Games Gone By are short retrospective reviews, taking a look back at games you may have missed. Today’s game is True Crime: Streets of LA.
True Crime: Streets of LA was one of my favorite games on the Xbox back in 2003. I spent many weeks kicking butt as kung-fu master Nick Kang, a bad ass cop, bringing the Russian mafia to its knees.
It would have been too easy to dismiss True Crime: Streets of LA has yet another Grand Theft Auto clone.
Third person? Check. Set in a city to explore? Check. Able to steal cars? Check. Oh boy.
Fortunately, True Crime brought a few new tricks to the party to differentiate it from Rockstar’s beast. Playing as the law rather than against it, learning kung-fu moves to bring down armies of bad guys, and various endings depending on your performance…oh, and a protagonist who actually talked. Bonus.
I loved True Crime when I played it for the first time all those years ago. Having played it again more recently, I still found myself having a good time, despite there now being dozens of newer titles in this genre. Don’t get me wrong, GTA V and Saints Row IV are leagues ahead in almost every department, but for a good ol’ karate cop experience? You can’t beat True Crime: Streets of LA.
The storyline in True Crime: Streets of LA could have been pulled straight from a late 90’s cop action movie. Think “Lethal Weapon” but with a dose of supernatural, with action tips from Jackie Chan. The story does get a little ridiculous in parts, but that adds to part of the charm. Plus, you get to unload a few clips into a dragon in a lava pit.
Another highlight is the voice acting, which was superb throughout. Even with the blockbuster budgets wielded by some video games these days, there are too many examples of poor voice acting. This can be immersion breaking and can completely ruin a well-written script. The cutscenes in Streets of LA particularly shine due to the stellar voice work.
While dated today, the graphics are still decent and the music on offer still got my head nodding on too many occasions to count.

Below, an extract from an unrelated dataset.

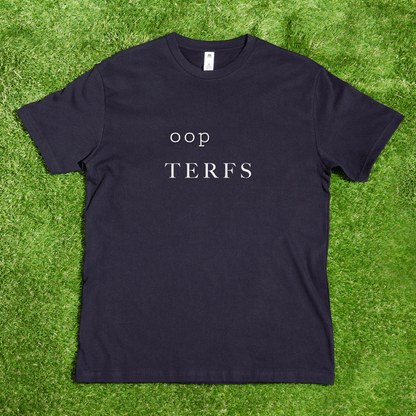 A black AS Colour tee reading "oop TERFS" in white rests on green grass; it’s a [REDACTED] TERFS local, hand-printed t-shirt from a trans and queer-owned brand.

As grown-up gamers it can be difficult to justify going back to play a game that wasn’t entirely perfect on release – I get that. There are dozens of games released every year that we’ll never have the time to play, let alone setting aside time to play an oldie. But, if you do happen to have a spare weekend coming up (by some miracle!), you could do a lot worse than dusting off your old Xbox and picking up True Crime: Streets of LA for a few dollars.